But concerns raised by residents about parking, anti-social behaviour and noise in the area had led to a delay in the decision by Belfast City Council.

Despite backing the proposal, some councillors - including Lord Mayor Jim Rodgers - voiced criticism of the approach the IRFU Ulster branch had in dealing with residents.

And SDLP councillor Pat McCarthy called for the proposal to be brought back in a bid to be more supportive of the residents.

PUP councillor John Kyle said he was not opposed to the improvement of the site but criticised the IRFU for adopting a "cavalier attitude" in dealing with residents.

An amendment by Sir Reg Empey was passed, calling on the Planning Service to introduce conditions on how the upgraded facilities are operated in a bid to help residents.

Resident Mark Hughes said they were left feeling "hugely disappointed" by the decision.

"Although the council will forward on conditions, the planners don't have to adhere to them.
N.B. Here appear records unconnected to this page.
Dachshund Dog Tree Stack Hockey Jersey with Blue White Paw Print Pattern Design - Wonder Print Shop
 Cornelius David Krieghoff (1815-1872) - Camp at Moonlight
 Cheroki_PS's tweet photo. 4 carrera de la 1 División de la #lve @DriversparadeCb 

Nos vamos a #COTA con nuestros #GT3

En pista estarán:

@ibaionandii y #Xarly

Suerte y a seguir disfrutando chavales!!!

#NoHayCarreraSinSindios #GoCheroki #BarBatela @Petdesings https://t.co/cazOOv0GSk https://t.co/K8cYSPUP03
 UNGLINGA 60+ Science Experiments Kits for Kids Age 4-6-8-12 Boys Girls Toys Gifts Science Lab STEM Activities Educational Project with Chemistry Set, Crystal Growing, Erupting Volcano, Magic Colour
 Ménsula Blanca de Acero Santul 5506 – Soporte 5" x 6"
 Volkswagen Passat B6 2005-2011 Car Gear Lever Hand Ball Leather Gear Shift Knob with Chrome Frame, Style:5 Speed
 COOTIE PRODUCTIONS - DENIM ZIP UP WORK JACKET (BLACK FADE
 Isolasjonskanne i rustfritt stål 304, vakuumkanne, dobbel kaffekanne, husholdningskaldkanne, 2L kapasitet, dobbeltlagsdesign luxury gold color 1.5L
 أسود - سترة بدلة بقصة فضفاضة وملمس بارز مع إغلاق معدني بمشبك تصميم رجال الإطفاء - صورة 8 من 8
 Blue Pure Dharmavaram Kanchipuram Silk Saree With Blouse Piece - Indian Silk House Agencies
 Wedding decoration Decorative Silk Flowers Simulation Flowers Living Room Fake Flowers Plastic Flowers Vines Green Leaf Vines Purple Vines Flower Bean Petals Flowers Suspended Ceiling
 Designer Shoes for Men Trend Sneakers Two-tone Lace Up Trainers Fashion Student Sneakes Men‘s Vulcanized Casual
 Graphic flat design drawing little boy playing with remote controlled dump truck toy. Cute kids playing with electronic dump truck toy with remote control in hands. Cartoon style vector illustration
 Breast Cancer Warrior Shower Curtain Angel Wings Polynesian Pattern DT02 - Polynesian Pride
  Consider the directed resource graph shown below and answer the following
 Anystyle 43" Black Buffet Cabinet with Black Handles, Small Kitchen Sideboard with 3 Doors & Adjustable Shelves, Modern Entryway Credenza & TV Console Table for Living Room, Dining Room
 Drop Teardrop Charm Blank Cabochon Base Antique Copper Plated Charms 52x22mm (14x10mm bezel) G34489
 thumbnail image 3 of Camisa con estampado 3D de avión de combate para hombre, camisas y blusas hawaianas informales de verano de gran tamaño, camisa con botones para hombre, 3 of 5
But we don't believe this is over."

Michael Reid, chief executive of Ulster Branch of the Irish Rugby Football Union (IRFU), said: "We are delighted that after the long period of time we have received council approval. And if we are to continue to develop the only full-time professional sport in Northern Ireland, an upgrade to the quality of facilities is absolutely essential."

In March, 2005, plans to redevelop the ground were rubber-stamped by the executive committee of the Ulster Branch of the IRFU. On October 4, 2005, the IRFU submitted them to the Planning Service for approval.

Mr Hughes said the main objection by the Ulster Rugby Residents' Association was anti-social behaviour.

"The anti-social behaviour exhibited by rugby fans is not tolerated in other grounds, such as Windsor Park," he said.

However, in a meeting with Belfast City Council, a representative for the Irish Rugby Football Union Ulster Branch told the council they were keen to minimise the impact upon the local community.

A number of arrangements, following consultation with residents, had been put in place. This included provision of a park and ride facility, and additional parking during international matches in the grounds of a local school to help ease congestion.

They added that they had met regularly with residents during the last two years to discuss concerns.